Computo delle assenze per congedo parentale nel calcolo del premio di risultato e discriminazione in ragione dello status di genitore
26 Luglio 2021
Massima
L'analisi del meccanismo di attribuzione del premio e il riscontro del trattamento sfavorevole riservato ai lavoratori che fruiscono del congedo parentale fa emergere chiaramente la natura discriminatoria della norma in danno dei lavoratori genitori. Il caso
Il lavoratore padre è ricorso in giudizio deducendo di avere subito un'indebita riduzione del premio di risultato, di cui all'accordo sindacale applicato in azienda, determinata delle assenze connesse al congedo parentale, subendo, pertanto, un trattamento meno favorevole rispetto ai colleghi di lavoro inquadrati nel medesimo livello contrattuale. La questione
La questione che il giudice del lavoro è chiamato ad affrontare riguarda l'accertamento della condotta discriminatoria determinata dall'applicazione di un meccanismo di riduzione del premio di risultato per assenze conseguenti alla fruizione, da parte del lavoratore padre, dei congedi parentali. La soluzione adottata dal giudice
Il Tribunale di Asti, argomentando che lo status di genitore costituisce un autonomo fattore di discriminazione, rispetto al quale l'ordinamento giuridico individua appositi strumenti di tutela e sancisce il divieto di porre in essere trattamenti meno favorevoli nei confronti della lavoratrice madre e del lavoratore padre, si è espresso nel senso di ritenere illegittimo, perché discriminatorio, il computo delle assenze per congedo parentale nel meccanismo del calcolo del premio di risultato.

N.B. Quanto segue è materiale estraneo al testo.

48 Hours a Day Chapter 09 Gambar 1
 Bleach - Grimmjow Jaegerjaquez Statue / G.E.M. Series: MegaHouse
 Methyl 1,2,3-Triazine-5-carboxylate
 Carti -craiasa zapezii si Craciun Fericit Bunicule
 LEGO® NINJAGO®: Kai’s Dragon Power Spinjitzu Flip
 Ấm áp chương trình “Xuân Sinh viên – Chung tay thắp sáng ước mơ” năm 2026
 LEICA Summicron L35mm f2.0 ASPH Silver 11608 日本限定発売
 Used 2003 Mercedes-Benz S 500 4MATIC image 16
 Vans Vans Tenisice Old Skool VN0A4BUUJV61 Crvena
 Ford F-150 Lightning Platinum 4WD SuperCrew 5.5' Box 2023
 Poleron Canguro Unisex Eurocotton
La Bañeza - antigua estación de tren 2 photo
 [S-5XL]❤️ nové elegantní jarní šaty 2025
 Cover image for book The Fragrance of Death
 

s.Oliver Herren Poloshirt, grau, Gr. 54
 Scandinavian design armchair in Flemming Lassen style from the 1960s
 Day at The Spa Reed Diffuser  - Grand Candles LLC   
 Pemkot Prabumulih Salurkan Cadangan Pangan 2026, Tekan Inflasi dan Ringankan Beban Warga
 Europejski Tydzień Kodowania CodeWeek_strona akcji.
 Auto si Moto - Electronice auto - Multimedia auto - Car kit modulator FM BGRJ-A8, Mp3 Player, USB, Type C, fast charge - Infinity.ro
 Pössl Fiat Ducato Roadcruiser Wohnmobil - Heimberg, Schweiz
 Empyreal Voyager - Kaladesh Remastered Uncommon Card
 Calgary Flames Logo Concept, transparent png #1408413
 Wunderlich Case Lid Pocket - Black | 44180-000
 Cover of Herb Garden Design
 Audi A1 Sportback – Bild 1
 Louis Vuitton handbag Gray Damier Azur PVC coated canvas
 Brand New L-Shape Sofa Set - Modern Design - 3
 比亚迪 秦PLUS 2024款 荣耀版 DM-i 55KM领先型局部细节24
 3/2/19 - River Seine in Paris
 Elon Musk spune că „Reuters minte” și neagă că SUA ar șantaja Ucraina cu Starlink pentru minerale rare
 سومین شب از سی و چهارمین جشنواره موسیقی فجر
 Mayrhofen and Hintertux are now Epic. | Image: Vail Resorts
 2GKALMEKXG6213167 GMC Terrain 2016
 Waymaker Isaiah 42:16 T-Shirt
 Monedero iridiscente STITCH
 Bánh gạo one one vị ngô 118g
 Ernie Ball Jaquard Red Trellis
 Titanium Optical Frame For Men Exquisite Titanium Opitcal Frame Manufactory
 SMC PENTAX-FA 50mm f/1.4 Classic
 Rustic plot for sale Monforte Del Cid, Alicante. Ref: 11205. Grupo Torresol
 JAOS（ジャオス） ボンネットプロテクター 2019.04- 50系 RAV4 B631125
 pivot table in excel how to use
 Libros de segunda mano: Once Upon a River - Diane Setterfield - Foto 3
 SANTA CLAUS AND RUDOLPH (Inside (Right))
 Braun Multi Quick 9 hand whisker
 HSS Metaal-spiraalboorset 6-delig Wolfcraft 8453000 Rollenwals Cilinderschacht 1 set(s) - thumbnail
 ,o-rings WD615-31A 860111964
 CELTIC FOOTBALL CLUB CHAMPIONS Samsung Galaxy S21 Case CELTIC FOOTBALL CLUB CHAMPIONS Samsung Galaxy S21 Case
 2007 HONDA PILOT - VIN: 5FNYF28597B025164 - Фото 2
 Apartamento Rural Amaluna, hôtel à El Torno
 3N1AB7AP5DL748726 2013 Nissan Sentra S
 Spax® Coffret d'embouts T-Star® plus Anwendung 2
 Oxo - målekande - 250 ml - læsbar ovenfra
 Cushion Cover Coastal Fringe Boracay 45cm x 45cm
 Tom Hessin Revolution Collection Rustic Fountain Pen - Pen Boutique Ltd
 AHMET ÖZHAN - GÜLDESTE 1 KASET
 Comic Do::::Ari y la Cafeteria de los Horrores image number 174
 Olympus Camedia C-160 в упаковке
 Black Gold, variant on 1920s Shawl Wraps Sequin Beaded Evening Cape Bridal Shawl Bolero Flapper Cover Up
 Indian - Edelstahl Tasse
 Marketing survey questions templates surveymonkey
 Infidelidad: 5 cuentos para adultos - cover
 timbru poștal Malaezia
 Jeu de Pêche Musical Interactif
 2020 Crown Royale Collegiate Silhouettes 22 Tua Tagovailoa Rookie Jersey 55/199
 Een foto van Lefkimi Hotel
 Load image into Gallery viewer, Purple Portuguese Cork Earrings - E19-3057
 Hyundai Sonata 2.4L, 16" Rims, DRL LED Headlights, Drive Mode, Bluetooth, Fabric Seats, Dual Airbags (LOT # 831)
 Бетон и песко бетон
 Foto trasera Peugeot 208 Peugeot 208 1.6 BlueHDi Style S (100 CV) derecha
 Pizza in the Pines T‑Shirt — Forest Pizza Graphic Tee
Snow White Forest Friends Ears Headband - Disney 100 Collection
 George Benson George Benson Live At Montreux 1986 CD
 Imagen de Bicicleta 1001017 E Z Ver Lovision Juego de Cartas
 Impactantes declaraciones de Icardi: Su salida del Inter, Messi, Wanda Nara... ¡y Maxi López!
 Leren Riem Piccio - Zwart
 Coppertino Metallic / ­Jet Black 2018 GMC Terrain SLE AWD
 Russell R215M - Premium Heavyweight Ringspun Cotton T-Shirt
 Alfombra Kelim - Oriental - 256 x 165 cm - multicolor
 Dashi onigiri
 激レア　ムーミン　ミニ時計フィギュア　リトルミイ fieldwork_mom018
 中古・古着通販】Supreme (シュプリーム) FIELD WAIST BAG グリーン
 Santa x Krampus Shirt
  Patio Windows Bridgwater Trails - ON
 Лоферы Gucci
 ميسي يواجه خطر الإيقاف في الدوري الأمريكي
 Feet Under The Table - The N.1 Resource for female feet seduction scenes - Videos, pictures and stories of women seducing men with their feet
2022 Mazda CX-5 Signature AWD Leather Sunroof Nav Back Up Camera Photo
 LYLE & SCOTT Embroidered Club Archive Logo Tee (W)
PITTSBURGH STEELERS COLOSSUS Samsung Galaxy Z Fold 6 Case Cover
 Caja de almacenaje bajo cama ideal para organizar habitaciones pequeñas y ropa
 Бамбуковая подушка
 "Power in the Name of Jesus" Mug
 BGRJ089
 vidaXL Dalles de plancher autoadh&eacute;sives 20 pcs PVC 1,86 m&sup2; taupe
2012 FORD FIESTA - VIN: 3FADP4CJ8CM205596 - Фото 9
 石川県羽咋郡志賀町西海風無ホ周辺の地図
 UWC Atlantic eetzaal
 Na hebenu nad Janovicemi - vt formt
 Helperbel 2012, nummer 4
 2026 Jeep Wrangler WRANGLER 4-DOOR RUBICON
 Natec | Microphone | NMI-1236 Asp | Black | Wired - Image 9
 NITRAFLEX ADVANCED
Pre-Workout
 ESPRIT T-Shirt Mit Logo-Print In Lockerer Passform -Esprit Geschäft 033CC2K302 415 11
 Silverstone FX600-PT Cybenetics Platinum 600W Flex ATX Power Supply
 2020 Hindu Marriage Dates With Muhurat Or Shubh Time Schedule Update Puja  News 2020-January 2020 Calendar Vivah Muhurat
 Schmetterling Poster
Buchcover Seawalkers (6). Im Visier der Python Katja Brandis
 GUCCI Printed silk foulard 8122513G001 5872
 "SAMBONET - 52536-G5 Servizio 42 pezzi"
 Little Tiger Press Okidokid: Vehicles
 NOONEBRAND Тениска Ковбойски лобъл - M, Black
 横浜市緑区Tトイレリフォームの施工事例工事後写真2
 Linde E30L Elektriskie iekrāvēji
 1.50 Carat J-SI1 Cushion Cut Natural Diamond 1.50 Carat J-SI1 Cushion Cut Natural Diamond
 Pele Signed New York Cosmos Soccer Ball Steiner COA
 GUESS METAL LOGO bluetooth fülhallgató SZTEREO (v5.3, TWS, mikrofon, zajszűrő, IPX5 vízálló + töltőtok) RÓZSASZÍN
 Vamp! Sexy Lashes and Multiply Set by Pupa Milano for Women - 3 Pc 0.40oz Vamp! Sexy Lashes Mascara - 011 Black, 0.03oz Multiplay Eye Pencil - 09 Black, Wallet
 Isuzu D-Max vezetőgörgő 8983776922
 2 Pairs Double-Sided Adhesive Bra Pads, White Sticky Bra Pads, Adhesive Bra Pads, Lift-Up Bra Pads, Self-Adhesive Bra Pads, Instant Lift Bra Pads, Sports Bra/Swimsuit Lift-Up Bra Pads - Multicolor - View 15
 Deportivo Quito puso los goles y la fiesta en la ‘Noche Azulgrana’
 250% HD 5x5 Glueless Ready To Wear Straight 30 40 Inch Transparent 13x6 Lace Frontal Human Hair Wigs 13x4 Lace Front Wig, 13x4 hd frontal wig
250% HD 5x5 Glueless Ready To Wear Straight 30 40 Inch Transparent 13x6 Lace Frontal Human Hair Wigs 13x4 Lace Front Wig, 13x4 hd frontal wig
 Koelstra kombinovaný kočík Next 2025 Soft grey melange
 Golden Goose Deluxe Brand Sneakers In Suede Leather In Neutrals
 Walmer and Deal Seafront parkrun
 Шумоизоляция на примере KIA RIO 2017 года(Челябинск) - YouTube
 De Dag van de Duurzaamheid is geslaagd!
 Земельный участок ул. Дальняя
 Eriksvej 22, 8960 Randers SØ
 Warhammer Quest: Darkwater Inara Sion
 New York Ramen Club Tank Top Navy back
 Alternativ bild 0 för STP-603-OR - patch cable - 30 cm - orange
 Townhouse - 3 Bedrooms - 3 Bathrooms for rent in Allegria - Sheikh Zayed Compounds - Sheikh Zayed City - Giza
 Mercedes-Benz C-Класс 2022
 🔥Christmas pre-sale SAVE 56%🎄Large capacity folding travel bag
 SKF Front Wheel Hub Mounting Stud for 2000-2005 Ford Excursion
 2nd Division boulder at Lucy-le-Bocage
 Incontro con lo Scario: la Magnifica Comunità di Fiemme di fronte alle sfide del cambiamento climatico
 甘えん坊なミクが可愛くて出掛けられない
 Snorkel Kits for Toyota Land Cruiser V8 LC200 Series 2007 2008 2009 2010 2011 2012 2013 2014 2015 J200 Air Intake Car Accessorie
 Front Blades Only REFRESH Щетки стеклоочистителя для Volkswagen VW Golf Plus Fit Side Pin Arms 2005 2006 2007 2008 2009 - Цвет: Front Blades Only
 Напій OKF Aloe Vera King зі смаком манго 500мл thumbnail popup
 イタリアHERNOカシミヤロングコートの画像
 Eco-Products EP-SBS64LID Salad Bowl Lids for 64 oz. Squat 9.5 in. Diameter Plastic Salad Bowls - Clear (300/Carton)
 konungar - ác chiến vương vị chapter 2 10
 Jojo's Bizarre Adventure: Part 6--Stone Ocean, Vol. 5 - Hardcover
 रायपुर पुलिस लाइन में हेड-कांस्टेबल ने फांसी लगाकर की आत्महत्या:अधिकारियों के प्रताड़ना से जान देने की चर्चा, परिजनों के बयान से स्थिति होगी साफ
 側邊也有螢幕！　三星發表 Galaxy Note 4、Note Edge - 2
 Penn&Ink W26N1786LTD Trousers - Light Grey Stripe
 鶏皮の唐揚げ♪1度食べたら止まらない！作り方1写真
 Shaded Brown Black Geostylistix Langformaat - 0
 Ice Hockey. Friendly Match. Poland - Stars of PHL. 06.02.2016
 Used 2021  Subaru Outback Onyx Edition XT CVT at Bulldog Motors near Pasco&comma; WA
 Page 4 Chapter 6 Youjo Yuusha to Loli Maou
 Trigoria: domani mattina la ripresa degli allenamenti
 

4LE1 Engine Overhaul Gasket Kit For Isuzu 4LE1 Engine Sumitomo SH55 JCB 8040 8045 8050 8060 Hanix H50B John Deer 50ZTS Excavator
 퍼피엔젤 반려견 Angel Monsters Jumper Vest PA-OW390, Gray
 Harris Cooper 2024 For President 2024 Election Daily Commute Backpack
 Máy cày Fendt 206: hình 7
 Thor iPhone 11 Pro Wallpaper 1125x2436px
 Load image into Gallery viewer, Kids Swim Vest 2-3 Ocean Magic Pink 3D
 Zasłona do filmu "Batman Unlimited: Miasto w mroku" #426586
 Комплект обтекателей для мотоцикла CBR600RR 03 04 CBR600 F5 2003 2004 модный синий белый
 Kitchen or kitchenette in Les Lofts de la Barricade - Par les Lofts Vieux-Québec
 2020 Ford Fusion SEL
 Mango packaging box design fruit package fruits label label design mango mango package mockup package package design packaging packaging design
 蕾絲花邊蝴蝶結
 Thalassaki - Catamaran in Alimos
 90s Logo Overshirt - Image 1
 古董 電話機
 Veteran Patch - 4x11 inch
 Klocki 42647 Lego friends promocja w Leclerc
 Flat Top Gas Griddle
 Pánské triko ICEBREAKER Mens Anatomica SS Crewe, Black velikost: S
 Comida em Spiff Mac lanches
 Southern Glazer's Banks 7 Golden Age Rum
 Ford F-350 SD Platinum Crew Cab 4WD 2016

Ad avviso del Giudice di prime cure, infatti, la natura illecita della norma di cui all'accordo sindacale applicato in azienda emerge ancor più chiaramente in ragione del fatto che altre tipologie di assenza –assenze di cui alla l. n. 104 del 5 febbraio 1992, permessi sindacali, permessi retribuiti di vario genere– sono state considerare irrilevanti ai fini del medesimo calcolo, mentre l'assenza per congedo parentale rileva negativamente, a danno del lavoratore appartenente ad una categoria protetta che subisce uno svantaggio economico. Osservazioni
La prima nota è di carattere procedurale.
Il ricorrente, infatti, ha agito ai sensi e per gli effetti del disposto di cui all'art.38 del Decreto legislativo n.198 del 11 aprile 2006. La norma de qua configura lo strumento processuale per reagire contro le discriminazioni, perpetrate in violazione delle regole sulla parità, con particolare riguardo all'accesso al lavoro, alla formazione delle competenze, alle condizioni di svolgimento della relazione professionale, compresa la retribuzione e, per esteso, ogni elemento remunerativo.
Lo schema procedimentale ricalca, in alcuni punti, quello previsto dall'art.28 dello Statuto dei Lavoratori, con qualche differenza rilevante.
Infatti, l'azione contro le discriminazioni in materia di lavoro è concepita dal legislatore come individuale; di conseguenza, la legittimazione ad agire in giudizio appartiene al soggetto che lamenta la condotta illegittima; mentre il sindacato e la consigliera di parità –parimenti contemplati nella disposizione– non sono titolari di un'azione autonoma a tutela di un interesse collettivo, bensì intervengono solo su delega del lavoratore, e, dunque, nel ruolo di garante dell'interesse individuale del rappresentato.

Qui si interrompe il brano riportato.